Concursos do Judiciário destinarão 20% das vagas para negros, decide CNJ
O Conselho Nacional de Justiça aprovou nesta terça-feira (9/6) a criação de cotas de 20% para negros e pardos autodeclarados em concursos do Judiciário. A nova regra para cargos de servidores de todos os tribunais e para todos os concursos da magistratura. Como o Supremo Tribunal Federal não se submete ao CNJ, o tribunal ainda não está obrigado a ter cotas raciais.
A discussão no CNJ foi provocada pelo próprio presidente do órgão, o ministro Ricardo Lewandowski. Quando proferiu palestra na Universidade Zumbi dos Palmares, em São Paulo, o ministro se comprometeu a estudar formas de se implantar cotas raciais no Judiciário.
De acordo com o Censo do Judiciário, organizado pelo CNJ, a magistratura é uma carreira homogênea, predominantemente branca. Dos 17 mil juízes em atividade hoje no Brasil, só 36% são mulheres. E 14% se declaram pardos, 1,4% se dizem pretos e 0,1% se reconhecem como indígenas. A conclusão do estudo é que o juiz brasileiro é um homem branco heterossexual de 45 anos, casado e com filhos.

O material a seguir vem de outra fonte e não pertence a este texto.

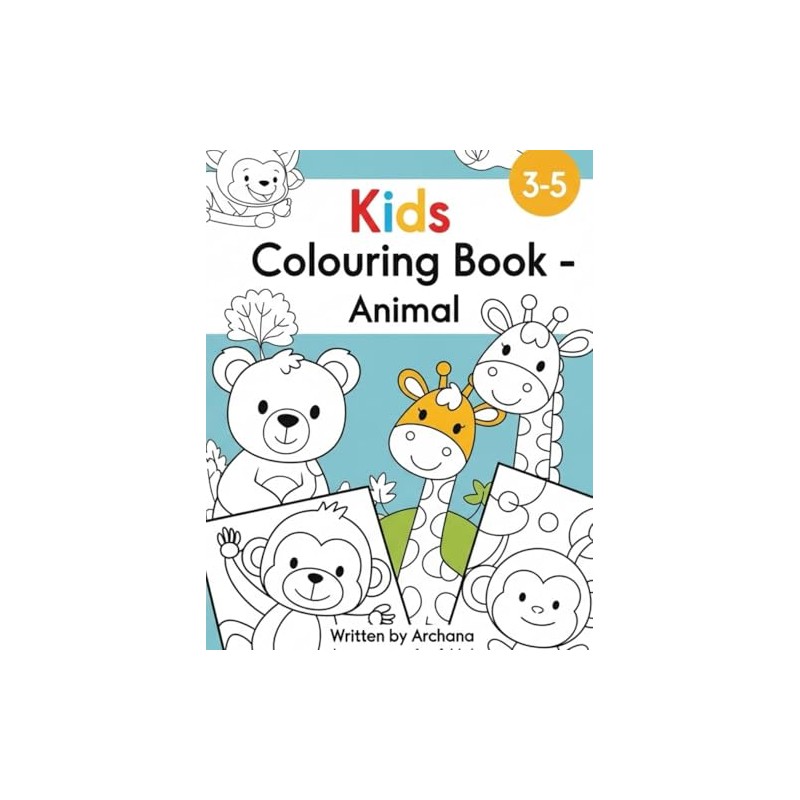 Kids Colouring Book - Animal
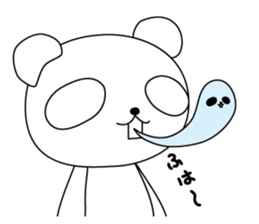 Panda Today's feeling (EN) sticker #4958081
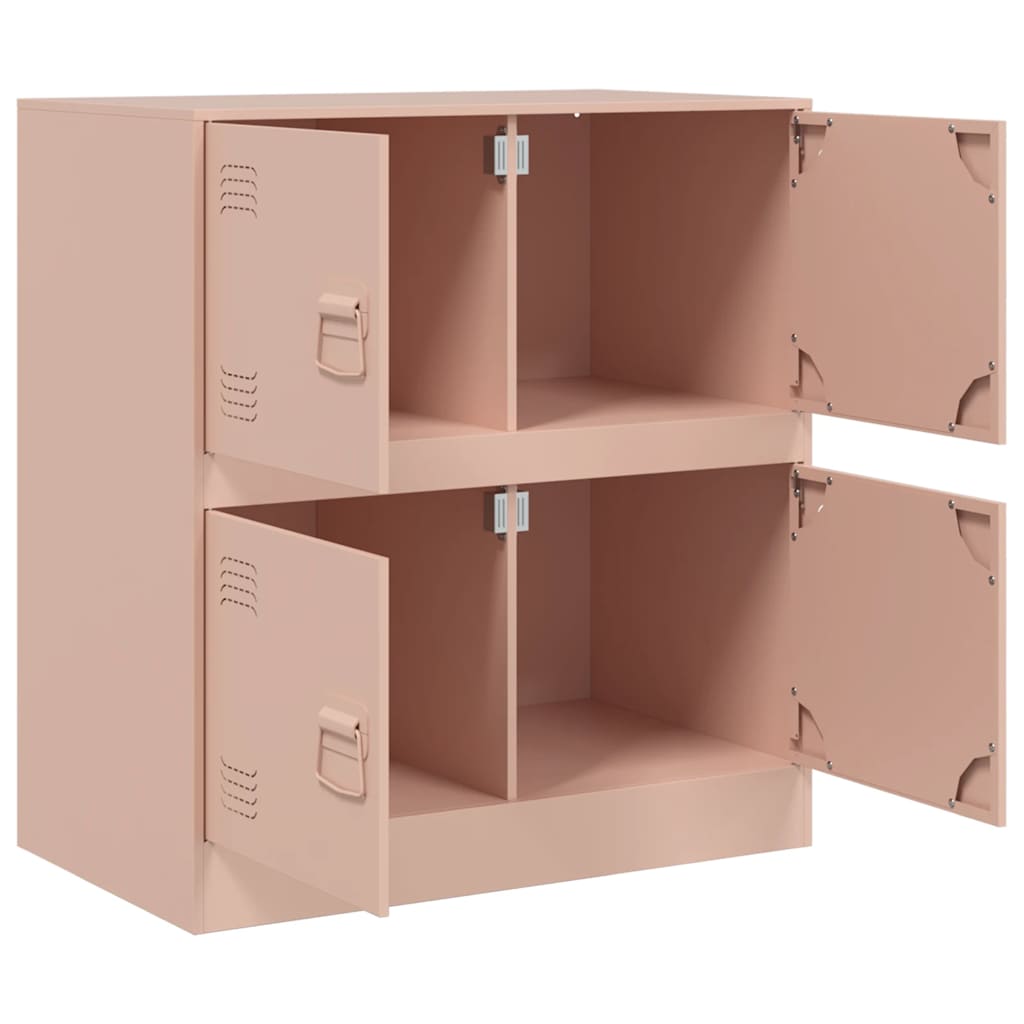 Sideboard 67x39x73 cm Steel Pink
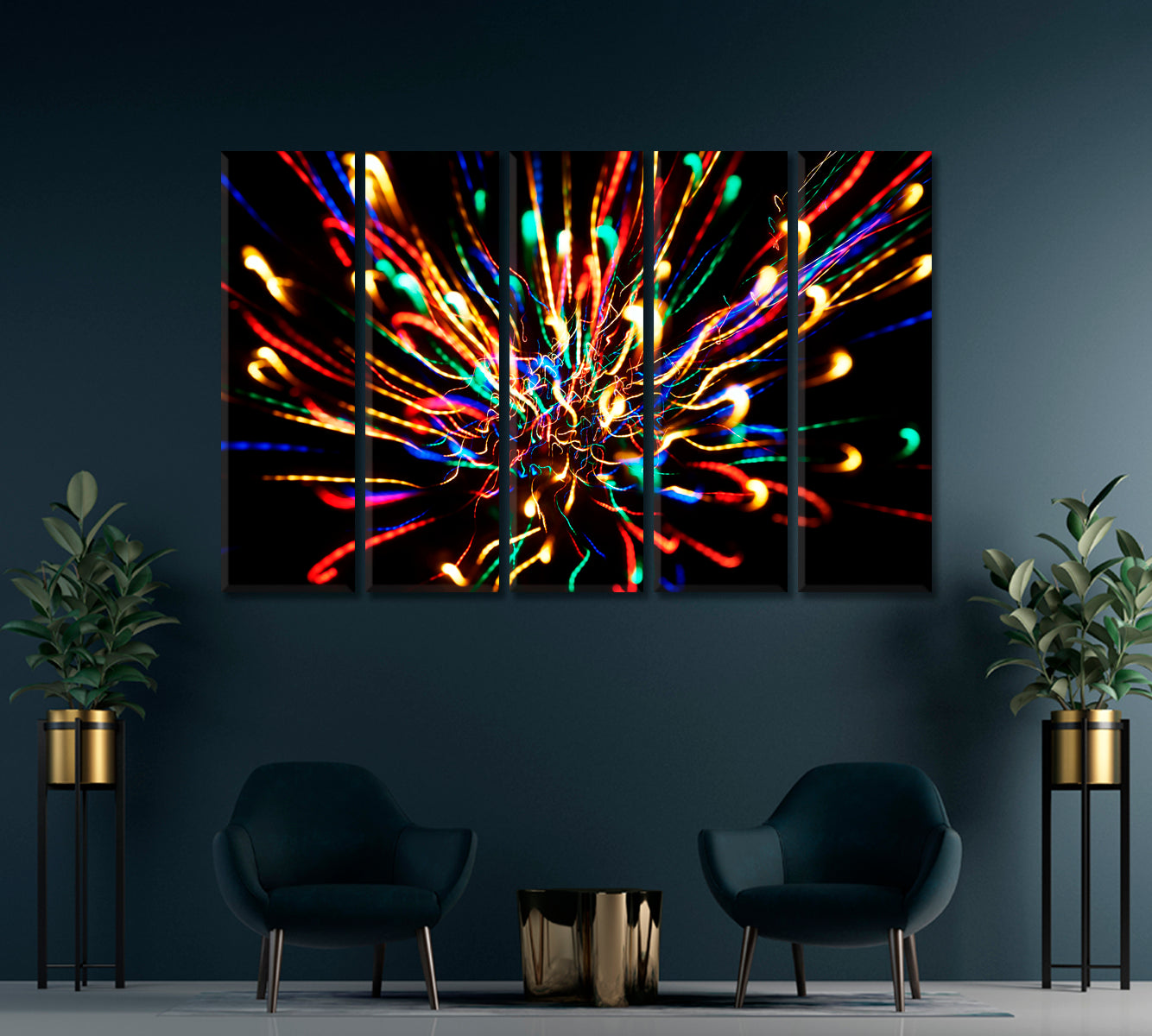 Colorful Lights Canvas Print-Canvas Print-CetArt-1 Panel-24x16 inches-CetArt
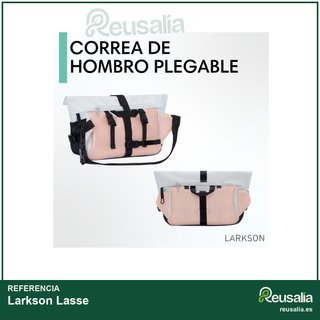 Larkson Lasse bolsa manillar bandolera rosa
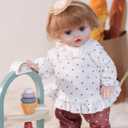 Baby Dolls, 18 Inch Realistic Reborn Full Vinyl Baby Doll with Curly Hair, Hand-Painted Lifelike Details & Cozy Outfit for Girls Ages 3+, Pretend Play, Display & Collection (Green)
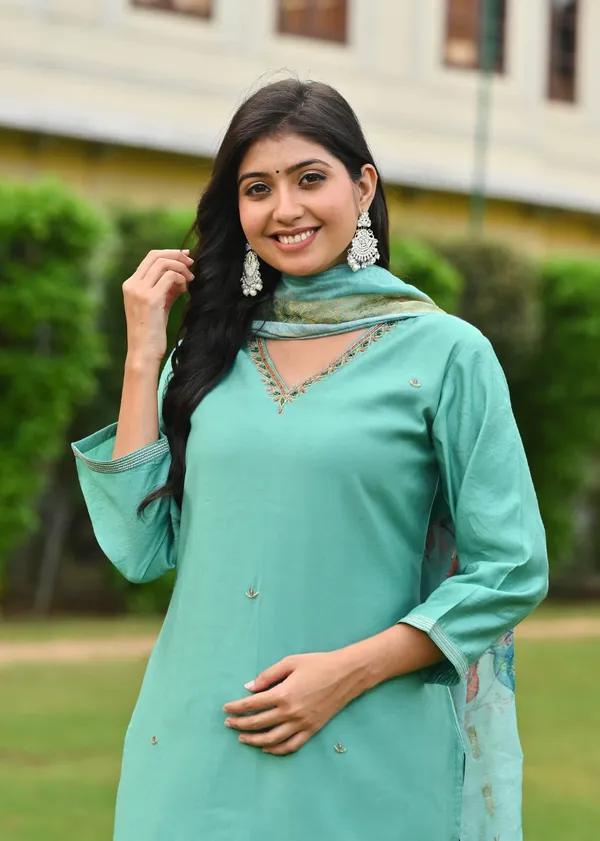 Aqua_Blue_Embroidered_Suit_Set_with_Printed_Dupatta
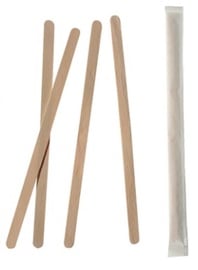 Деревянные палочки для кофе Pap Star Pure Wooden Mixing Sticks 6x140mm 1000pcs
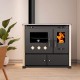 Puuküttega pliit Prometey Perfect Practik Lux keraamilise pliidiga, vasak suri, elevandiluu, 9.5kW | Puuküttega pliidid |  |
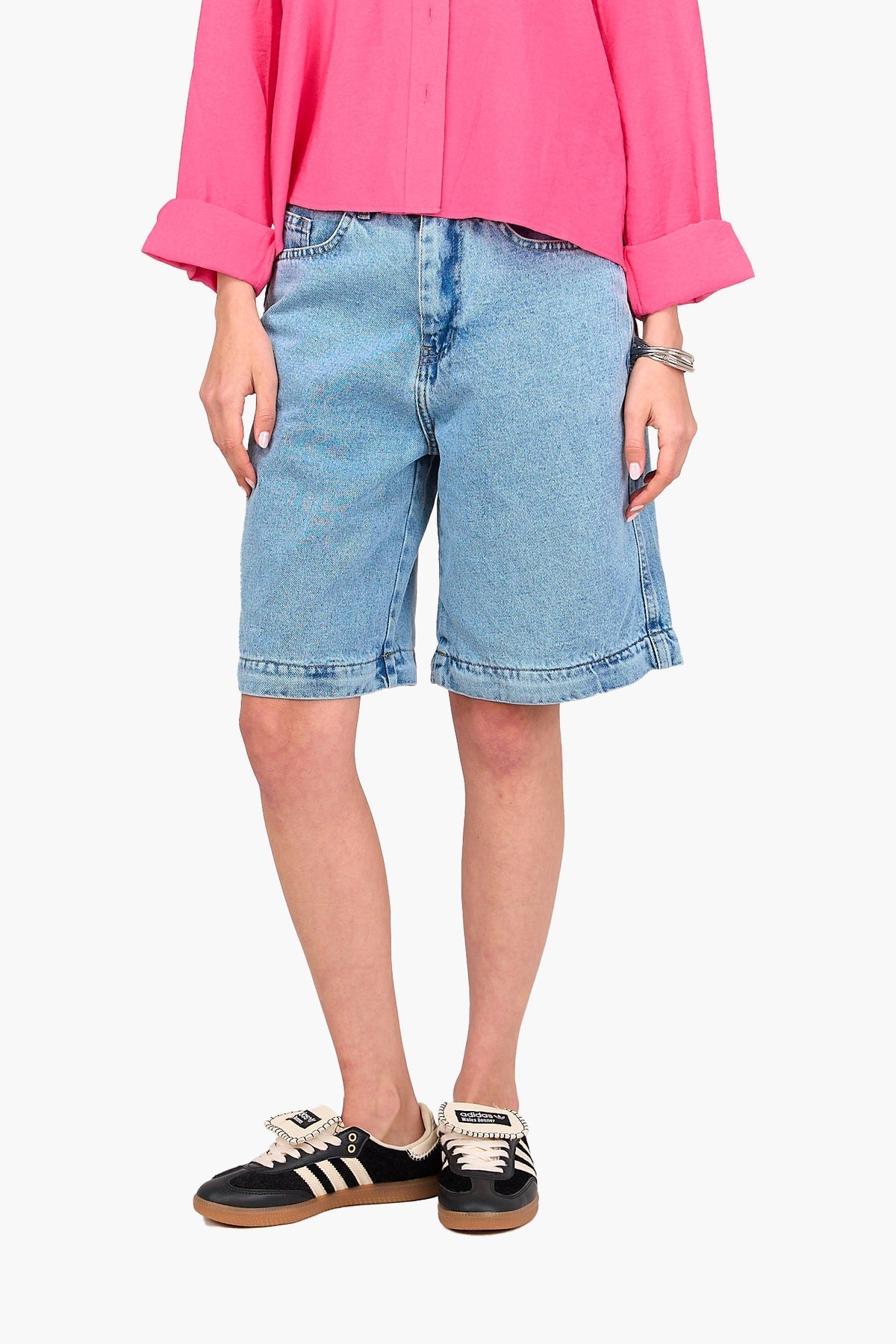 2in1 Convertible Denim Pants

A decisão desta terça no CNJ seguiu o voto do relator, o conselheiro Paulo Teixeira. Segundo ele, ainda há poucas iniciativas afirmativas para de reserva de vagas. Ele cita algumas iniciativas de Judiciários estaduais, como do Paraná, e do Ministério Público do Rio Grande do Sul. (…)

Curiosidade – Banca inglesa vende ações na Bolsa de Valores e arrecada mais de R$ 140 milhões
A estreia do primeiro escritório de advocacia na Bolsa de Valores de Londres foi um sucesso. A banca Gateley conseguiu arrecadar 30 milhões de libras (mais de R$ 140 milhões) só nessa segunda-feira (8/6), primeiro dia em que as ações foram postas à venda na Bolsa. A notícia foi divulgada pela Ordem dos Advogados britânica.
O Gateley anunciou há cerca de um mês que se aventuraria no mercado de valores, sete anos depois de uma lei autorizar a abertura do mercado de Advocacia na Inglaterra para investimento externo. O escritório nasceu há menos de 10 anos, com a fusão de duas bancas, e se tornou um dos 50 maiores escritórios de Advocacia do Reino Unido.
Segundo dados da firma, ela atende mais de 4 mil corporações e outros 1,5 mil clientes particulares. No último ano, o escritório reportou lucro de mais de 20 milhões de libras (quase R$ 100 milhões).